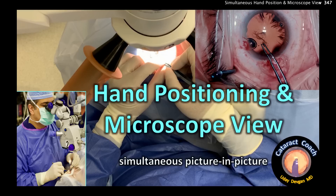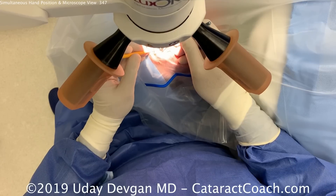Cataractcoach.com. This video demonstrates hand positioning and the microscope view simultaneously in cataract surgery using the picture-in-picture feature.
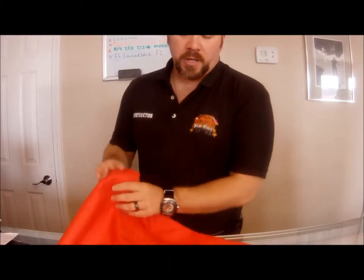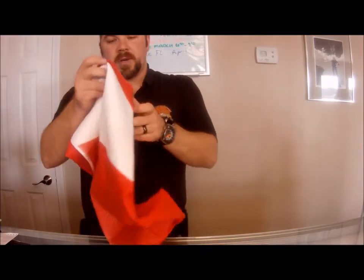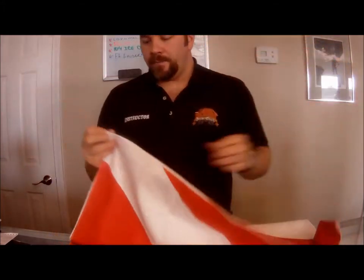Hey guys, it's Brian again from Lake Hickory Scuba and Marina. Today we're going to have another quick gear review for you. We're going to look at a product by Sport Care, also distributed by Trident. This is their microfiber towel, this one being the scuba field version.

# # #

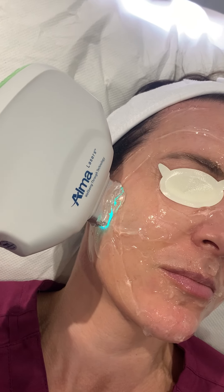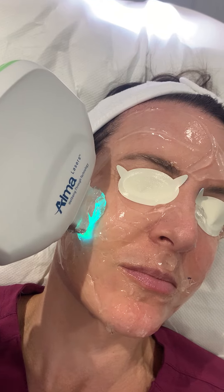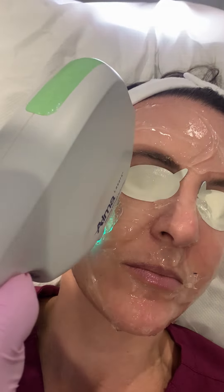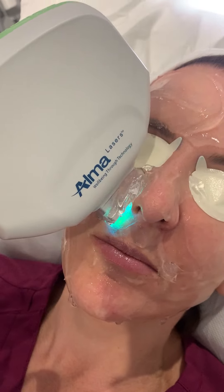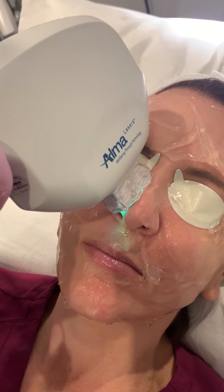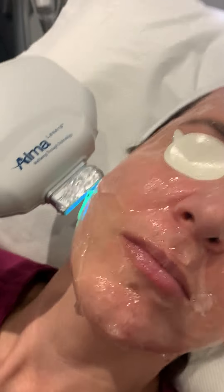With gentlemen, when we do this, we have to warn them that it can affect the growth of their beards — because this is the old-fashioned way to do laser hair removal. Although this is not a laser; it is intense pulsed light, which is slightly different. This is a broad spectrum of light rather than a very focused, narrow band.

# # #

What is needed
Among the entries above, locate the line with "Cataractcoach.com. This video" and the line with "Hey guys, it's". Give those two lines and all lines between them again, exactly, leaving out the pictures.

Answer to the problem
Cataractcoach.com. This video demonstrates hand positioning and the microscope view simultaneously in cataract surgery using the picture-in-picture feature.
Hey guys, it's Brian again from Lake Hickory Scuba and Marina. Today we're going to have another quick gear review for you. We're going to look at a product by Sport Care, also distributed by Trident. This is their microfiber towel, this one being the scuba field version.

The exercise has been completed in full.